**Your goal**.
Set out exactly, line by line, the stretch of data below that begins at the line containing "Antique farmhouse milk" and ends at the line containing "Le Suit Plus Size Seersucker Skirt Suit", with both ends kept.
╭─ Information supplied
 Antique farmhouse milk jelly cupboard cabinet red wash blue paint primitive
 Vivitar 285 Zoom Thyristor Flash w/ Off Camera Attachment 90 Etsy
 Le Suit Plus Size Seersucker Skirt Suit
╰─
╭─ Information supplied
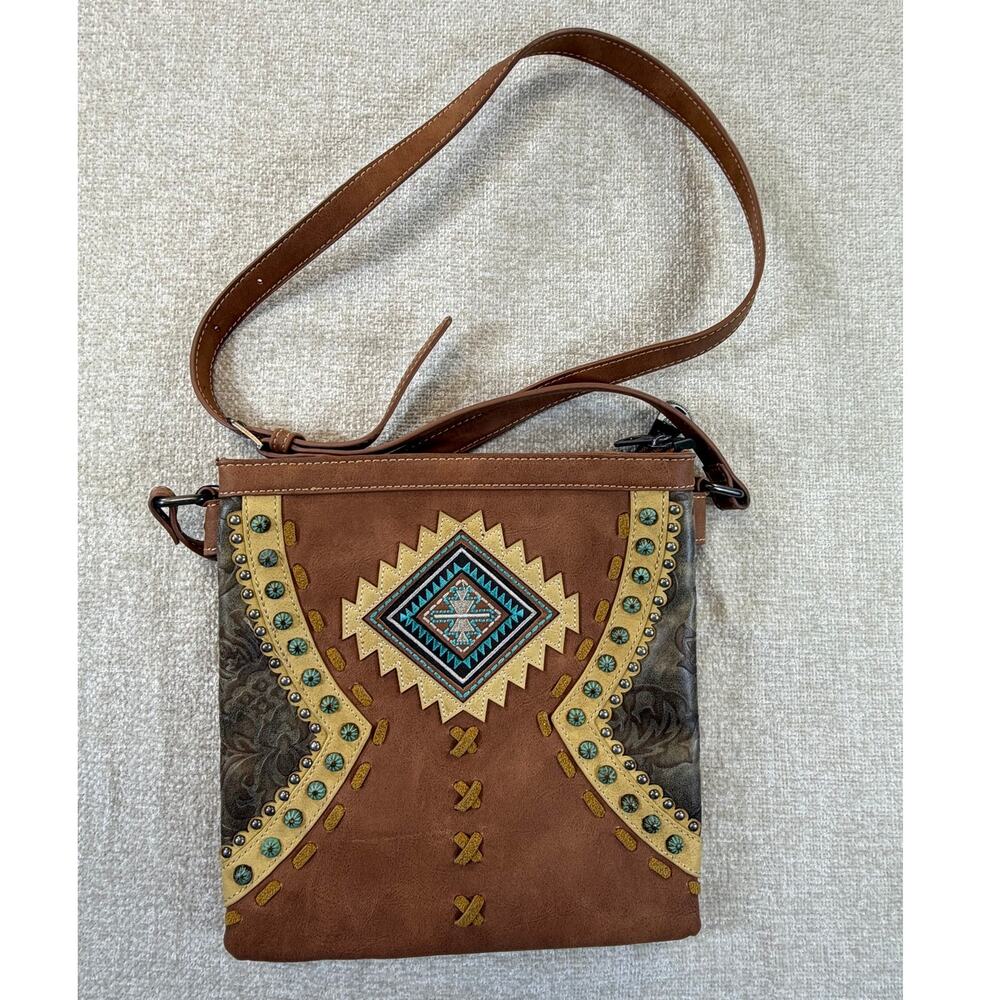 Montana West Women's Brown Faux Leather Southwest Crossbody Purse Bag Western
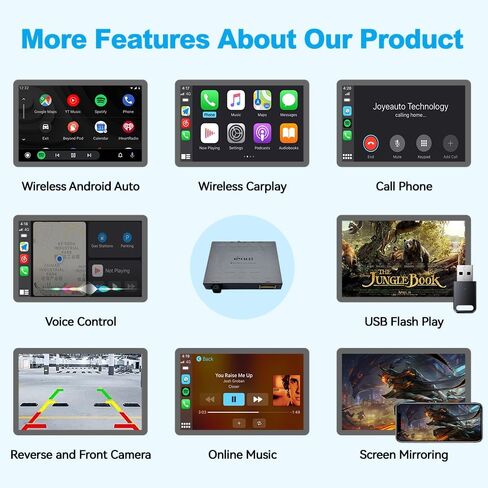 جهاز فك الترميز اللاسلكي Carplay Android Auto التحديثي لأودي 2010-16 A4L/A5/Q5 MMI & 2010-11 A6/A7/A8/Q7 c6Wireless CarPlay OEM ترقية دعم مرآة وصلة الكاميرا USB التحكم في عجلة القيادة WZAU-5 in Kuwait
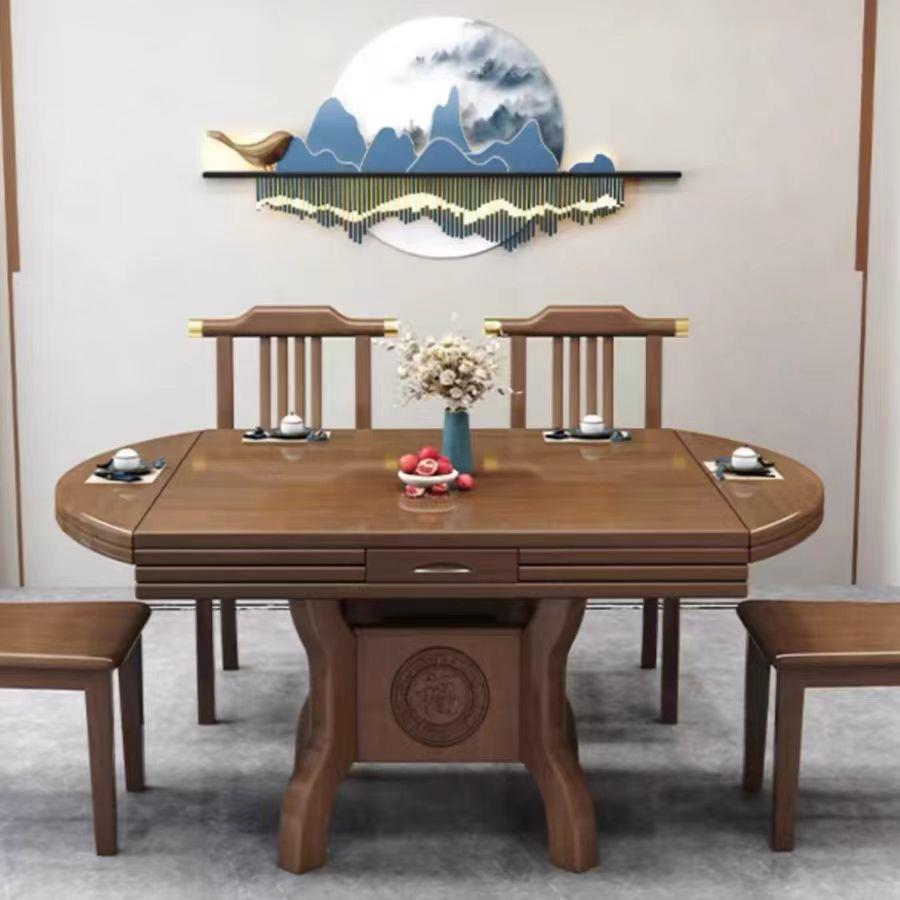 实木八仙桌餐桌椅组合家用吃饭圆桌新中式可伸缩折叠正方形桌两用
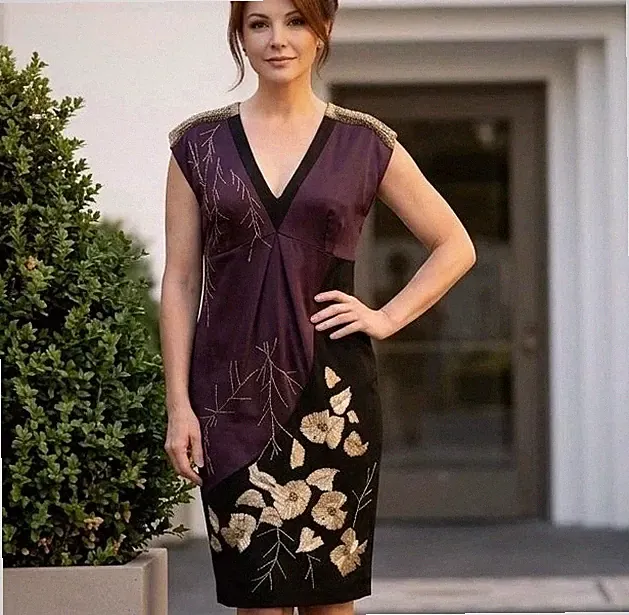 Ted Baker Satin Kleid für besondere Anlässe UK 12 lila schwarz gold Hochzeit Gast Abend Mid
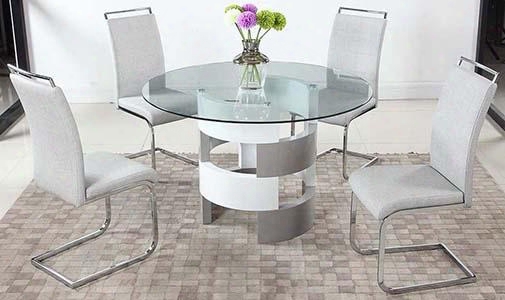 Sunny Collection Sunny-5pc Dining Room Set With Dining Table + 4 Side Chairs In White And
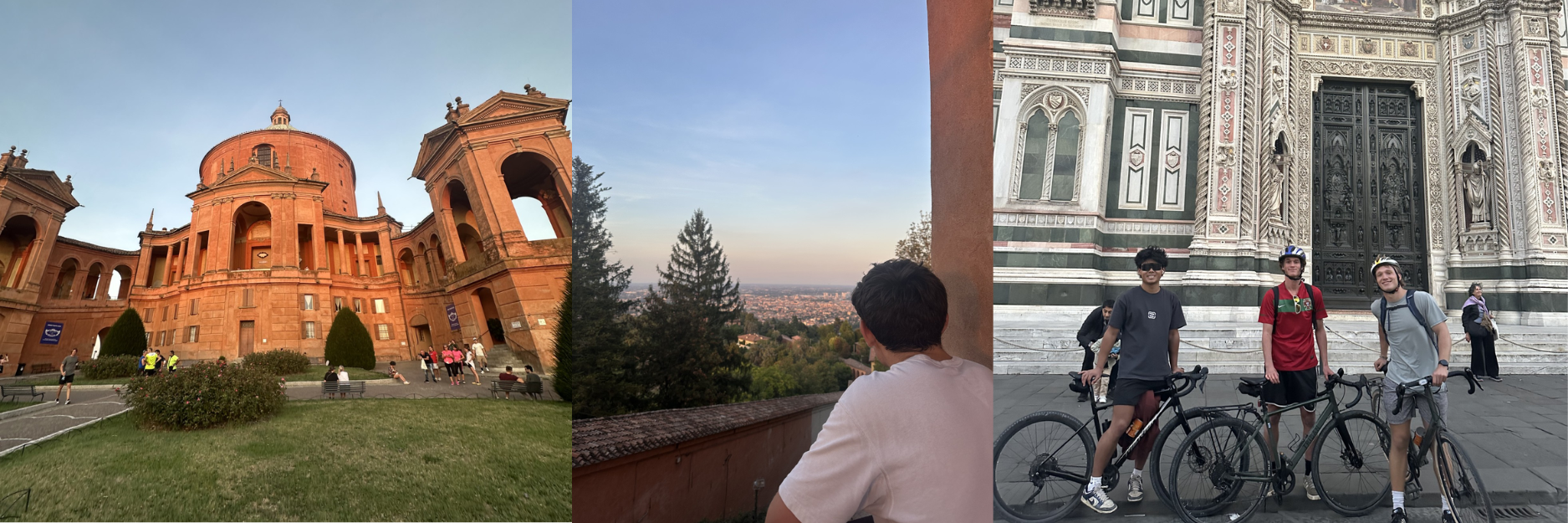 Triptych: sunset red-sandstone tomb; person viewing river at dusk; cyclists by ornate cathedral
╰─
**Task answer**.
 Antique farmhouse milk jelly cupboard cabinet red wash blue paint primitive
 Vivitar 285 Zoom Thyristor Flash w/ Off Camera Attachment 90 Etsy
 Le Suit Plus Size Seersucker Skirt Suit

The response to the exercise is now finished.